The reason it couldn’t be done is the same for all of us. We are imperfect people and imperfection cannot always produce perfect behavior. We know imperfect behavior is wrong, immoral, etc. It is to be less than what a human should be. This means that we are simply a broken people. Therefore, it’s not so much a matter of what we do, but who we are. This is where the Bible talks about there is no one who is righteous (Rom 3:10). All have fallen short of the glory of God (Rom 3:23). And if God is the standard of righteous and moral perfection, then the gap is not so much between us and some abstract standard, but between us and God. This should cause us to seriously reflect on the human condition. None of our good works of charity will make any difference because we can never cross this chasm.
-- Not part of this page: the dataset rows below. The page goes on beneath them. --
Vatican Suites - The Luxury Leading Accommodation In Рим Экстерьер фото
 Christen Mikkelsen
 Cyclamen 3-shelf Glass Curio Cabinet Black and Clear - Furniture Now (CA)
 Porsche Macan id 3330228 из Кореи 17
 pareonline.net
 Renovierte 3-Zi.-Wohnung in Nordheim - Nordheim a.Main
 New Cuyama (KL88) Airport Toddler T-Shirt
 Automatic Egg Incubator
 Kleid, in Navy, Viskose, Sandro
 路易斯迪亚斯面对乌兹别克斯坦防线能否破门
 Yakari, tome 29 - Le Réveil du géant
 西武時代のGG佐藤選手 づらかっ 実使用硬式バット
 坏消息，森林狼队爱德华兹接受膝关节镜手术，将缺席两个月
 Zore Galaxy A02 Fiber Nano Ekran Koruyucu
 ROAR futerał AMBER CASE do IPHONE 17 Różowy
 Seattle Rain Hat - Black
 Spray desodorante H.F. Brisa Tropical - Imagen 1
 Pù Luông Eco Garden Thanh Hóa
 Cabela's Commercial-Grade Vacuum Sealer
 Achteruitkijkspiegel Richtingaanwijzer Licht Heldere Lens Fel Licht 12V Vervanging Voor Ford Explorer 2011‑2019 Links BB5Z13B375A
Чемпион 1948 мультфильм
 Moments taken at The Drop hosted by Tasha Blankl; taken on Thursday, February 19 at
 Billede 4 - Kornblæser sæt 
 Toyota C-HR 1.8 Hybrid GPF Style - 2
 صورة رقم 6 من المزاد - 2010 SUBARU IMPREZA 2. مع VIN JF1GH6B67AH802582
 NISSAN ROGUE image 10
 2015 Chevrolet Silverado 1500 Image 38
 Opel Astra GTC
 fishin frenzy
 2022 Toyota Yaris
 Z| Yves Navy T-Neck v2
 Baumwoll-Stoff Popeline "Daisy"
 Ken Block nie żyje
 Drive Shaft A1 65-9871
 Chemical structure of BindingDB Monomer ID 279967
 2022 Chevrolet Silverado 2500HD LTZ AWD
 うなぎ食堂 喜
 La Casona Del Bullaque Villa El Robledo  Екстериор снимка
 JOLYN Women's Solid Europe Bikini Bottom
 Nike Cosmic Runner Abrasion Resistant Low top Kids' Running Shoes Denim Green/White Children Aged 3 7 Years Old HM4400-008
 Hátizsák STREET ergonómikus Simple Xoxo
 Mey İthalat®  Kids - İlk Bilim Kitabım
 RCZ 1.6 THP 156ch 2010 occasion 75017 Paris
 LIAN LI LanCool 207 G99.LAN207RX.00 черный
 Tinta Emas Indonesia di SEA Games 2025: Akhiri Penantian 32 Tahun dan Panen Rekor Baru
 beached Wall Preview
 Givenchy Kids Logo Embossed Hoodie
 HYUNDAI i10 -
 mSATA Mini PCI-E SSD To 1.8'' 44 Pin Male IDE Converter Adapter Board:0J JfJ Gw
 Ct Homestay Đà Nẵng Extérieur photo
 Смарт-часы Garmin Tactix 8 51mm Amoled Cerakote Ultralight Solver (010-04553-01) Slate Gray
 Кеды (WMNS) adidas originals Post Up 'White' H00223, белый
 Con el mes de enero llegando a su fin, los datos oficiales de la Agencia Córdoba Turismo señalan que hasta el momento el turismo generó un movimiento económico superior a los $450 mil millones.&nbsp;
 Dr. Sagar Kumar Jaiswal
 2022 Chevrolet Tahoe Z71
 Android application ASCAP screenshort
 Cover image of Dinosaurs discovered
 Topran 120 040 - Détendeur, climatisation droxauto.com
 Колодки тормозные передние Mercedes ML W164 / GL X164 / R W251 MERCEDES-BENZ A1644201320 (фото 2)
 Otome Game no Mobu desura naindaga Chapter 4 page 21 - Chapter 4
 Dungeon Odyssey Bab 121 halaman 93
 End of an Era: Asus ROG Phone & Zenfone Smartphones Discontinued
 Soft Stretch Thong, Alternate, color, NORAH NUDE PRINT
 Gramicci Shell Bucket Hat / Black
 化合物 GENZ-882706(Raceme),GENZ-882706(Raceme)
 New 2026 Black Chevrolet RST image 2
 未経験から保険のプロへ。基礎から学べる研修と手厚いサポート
John Hare, The Moral Gap (New York: Oxford University Press, 1996), 37.
Lewis, Mere Christianity, 21.
Benjamin Franklin, Autobiography, 38, assessed September 29, 2015. http://www.ushistory.org/frank...
The Need for a Savior
If we cannot cross this chasm by ourselves, then it stands to reason that we are in need of serious help. This help can only come from God. At this point many will assume or ask why God can’t just overlook our imperfection or forgive perhaps forgive our actions against him and others. At the same time, we also believe in fair treatment because we are human beings with certain worth and value. There appears to be a metaphysical tug of war taking place. We all believe the punishment fits the crime (imperfect behavior), but we don’t want it when it comes to us getting our due. However, we cannot have it both ways. Lewis explained it this way:
To be ‘cured’ against one's will and cured of states which we may not regard as disease is to be put on a level with those who have not yet reached the age of reason or those who never will; to be classed with infants, imbeciles, and domestic animals. But to be punished, however severely, because we have deserved it, because we ‘ought to have known better,’ is to be treated as a human person made in God's image.
The good news is the Christ has come. The Christ—God incarnate—has taken on the imperfection of humanity as the mediator between God and us (Gal. 3:20). The punishment we were due as a result of our sin and wrongdoing was put on him on the cross. On the third day he conquered both sin and death by rising from the dead. In fact, Christianity’s very existence hinges on it, which is why there are very few topics that have received such attention. Paul said, “if Christ has not been raised, your faith is worthless” (1 Cor. 15:17).
Douglas J. Moo, "The Epistle to the Romans," (Grand Rapids: Eerdmans Publishing Co., 1996), 226.
C.S. Lewis, “The Humanitarian Theory of Punishment,” "God in the Dock: Essays on Theology and Ethics," ed. Walter Hooper (Grand Rapids: Eerdmans Publishing Co., 1972), 290.
William G.T. Shedd, Dogmatic Theology, 3rd ed., ed. Alan W. Gomes (Phillipsburg: Presbyterian and Reformed Publishing Co, 2003), 675.